A lot has changed since then. In the past five years alone, phenotypic drug discovery has evolved as an alternative to the single-target approach, thanks to advances in high-throughput imaging technology and machine learning. Yet the gap between a drug’s success in vitro and an efficacious drug in patients remains immense.

Cellarity’s solution: Unlike single molecules, single target or phenotypic representations of cellular programs, Cellarity directly targets cellular programs critical to disease, leveraging a platform that systematically addresses the problems of translation beyond simplifying target discovery, toxicity, adverse effects, and drug design.

One key part of the approach is the way Cellarity predicts drugs and their properties by tying them to computationally engineered representations of cell behavior called Cellarity Maps.

“Cellarity Maps give us a much higher-resolution picture of the cellular components of a tissue and really allow us to understand the mechanism of action that one would want to reverse to go from a state of disease to a state of health,” said Chouraqui.

Chouraqui believes that there is no limit to where this cell-centric approach can take Cellarity and the field of medicine. His assertion is backed up by the cadre of investors that recently put up $123 million in series B financing.

“Our investors recognized that Cellarity stood out in the field of drug discovery,” said Saif Rathore, MD PhD, Cellarity’s VP and Head of Strategy and Partnerships. “We are the only company taking a target-agnostic approach that evaluates cell behavior changes and works through product optimization, whereas others in the field are primarily working on optimizing different parts of the target centric molecular or phenotypic drug discovery processes.”
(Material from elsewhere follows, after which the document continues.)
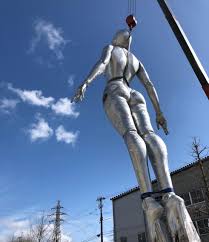 すごく…大きいです… 空山基のセクシーロボットが渋谷PARCOに登場 - オリエンタル愛ランド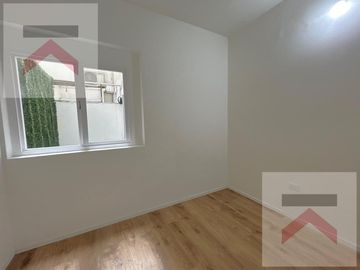 Oportunidad! Dos amb totalmente reciclado a nuevo con patio! Apto profesional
To execute its vision, Cellarity has assembled a team of diverse, world class talent. “We have brought together international leaders from pharma, graduates of Flagship Pioneering academic programs, physicians, scientists, and pedigrees that span the spectrum from the Broad Institute to McKinsey.” said Rathore.

The outcome: the pioneering biotech already has 7 drug discovery programs underway across 10 therapeutic areas including the high-value fields of hematology, immuno-oncology, metabolism, and respiratory.

“All diseases stem from a disorder at the cellular level,” said Chouraqui. “This cell-centric approach can be applied to virtually every single disease. We are progressing programs in diverse therapeutic areas to show the depth of our platform, starting with diseases for which there is a well-understood and direct correlation between a change in cell behavior and the etiology of the disease.”

Chouraqui’s vision for the platform transcends the company. In a few years’ time, he sees Cellarity with unparalleled predictive power in different drug modalities and a deep exploratory pipeline with multiple clinical proofs of concept in different disease areas.

“Our platform has the potential to change how the world approaches the discovery of medicines” said Chouraqui.